## INSTRUCTIONS FOR THE TASK
Exactly the lines from the first line of the records to the line holding "NLBFOU Electric Hot" should be duplicated, and nothing more; pictures stay out.

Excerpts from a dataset
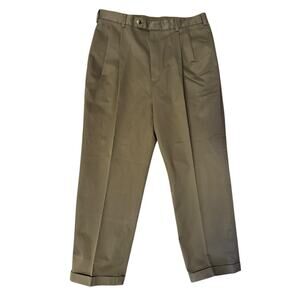 Jos A Banks NEW Traveler ‘s Twill Pants Mens 36x29 Pleated Cuffs Olive Cotton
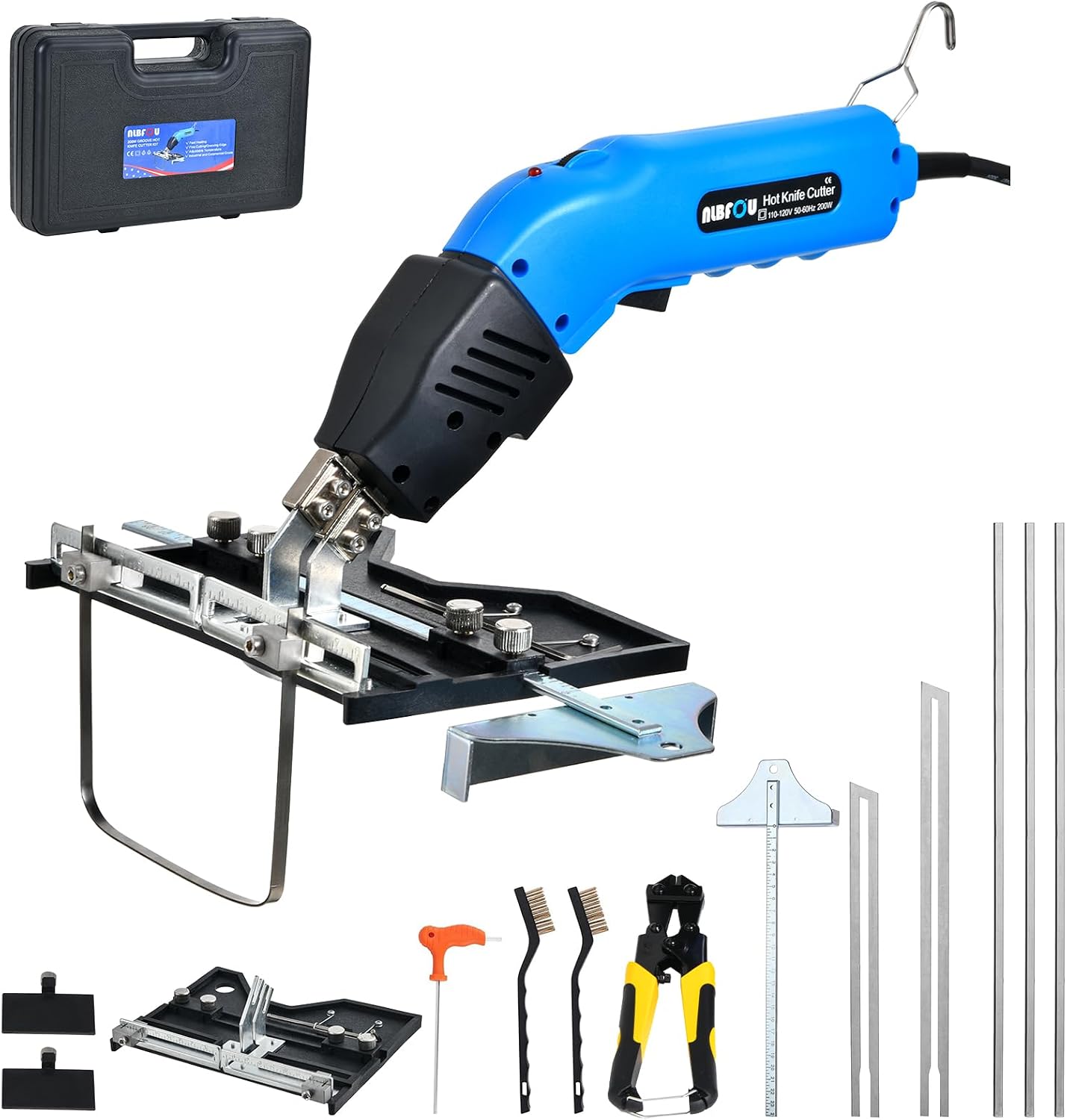 NLBFOU Electric Hot Knife Kit for Grooving/Sculpting/Cutting (5 Blades) Air Cooled 200W 110-120V Pro Slotter Foam Cutting Tool Styrofoam Cutter for XPS, EPP, EPS, EVA, EPE, KT Board, Sponge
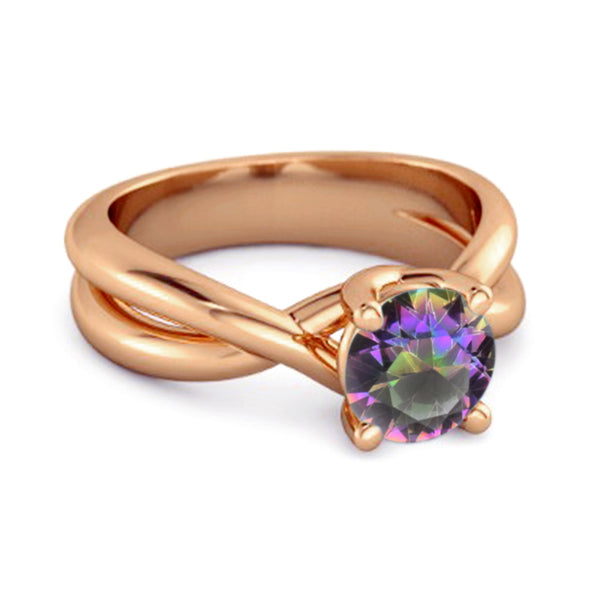 0.25 Ctw Round Cut Mystic Topaz 925 Sterling Silver Embrace Ring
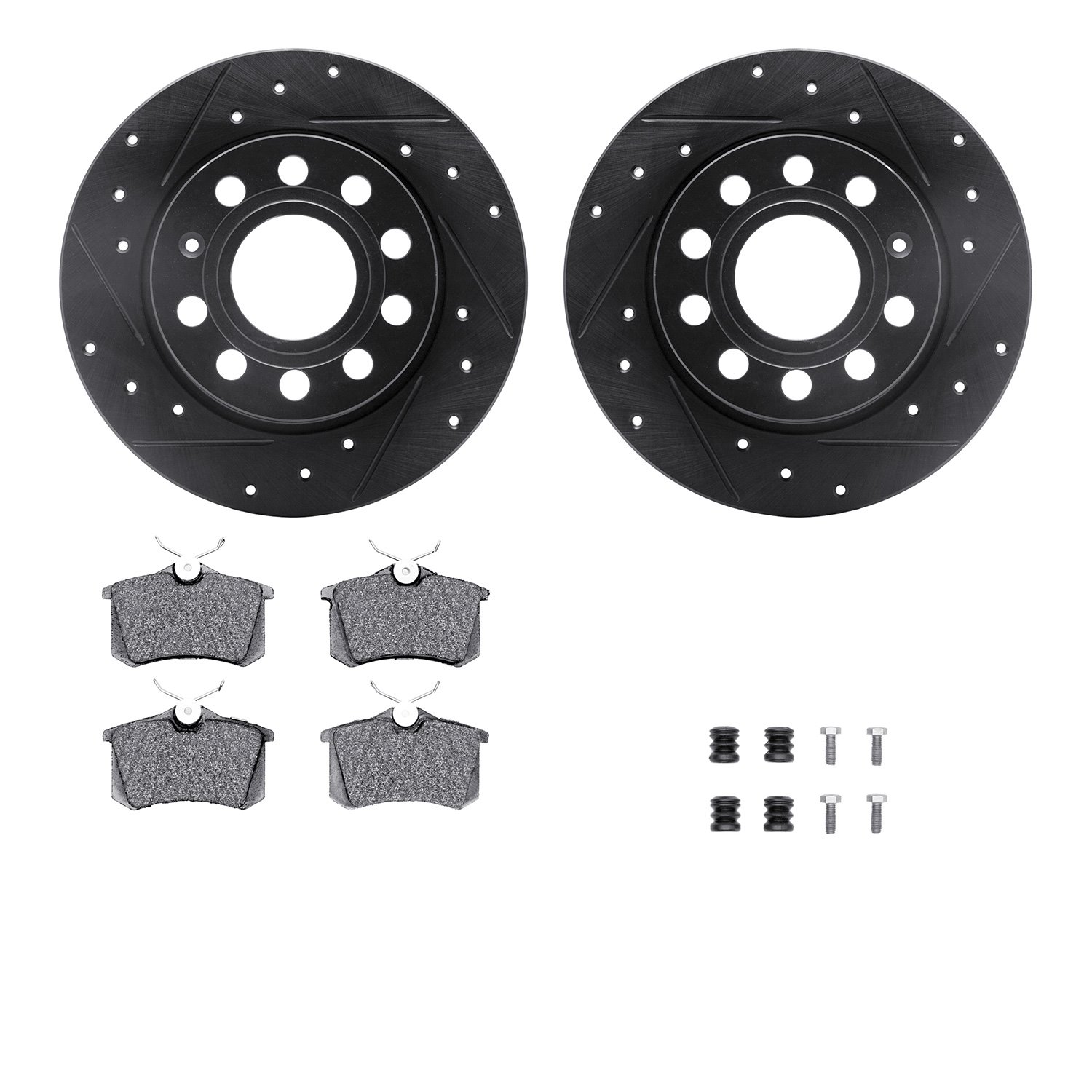 8512-74068 Drilled/Slotted Brake Rotors w/5000 Advanced Brake Pads Kit & Hardware [Black], 2010-2013 Audi/Volkswagen, Position:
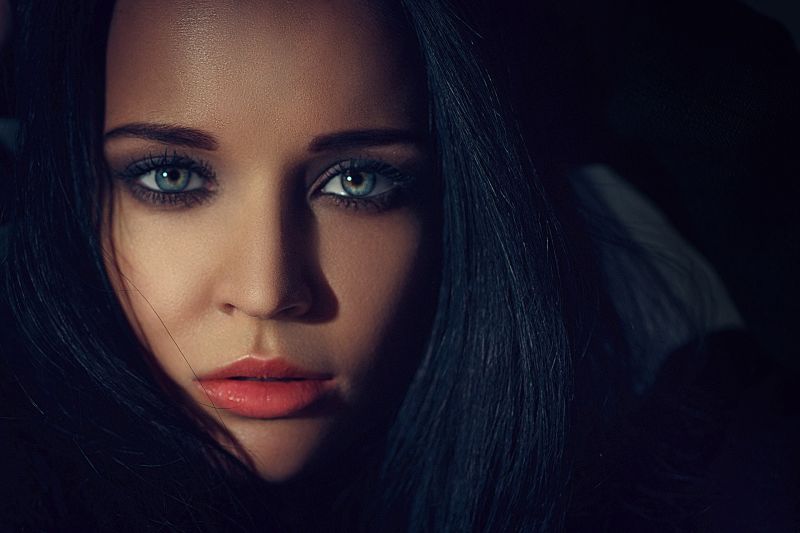 tvář, ženy, model, portrét, fotografování, Černá tvář, ženy, model, portrét, fotografování, Černá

## YOUR SOLUTION
 Jos A Banks NEW Traveler ‘s Twill Pants Mens 36x29 Pleated Cuffs Olive Cotton
 NLBFOU Electric Hot Knife Kit for Grooving/Sculpting/Cutting (5 Blades) Air Cooled 200W 110-120V Pro Slotter Foam Cutting Tool Styrofoam Cutter for XPS, EPP, EPS, EVA, EPE, KT Board, Sponge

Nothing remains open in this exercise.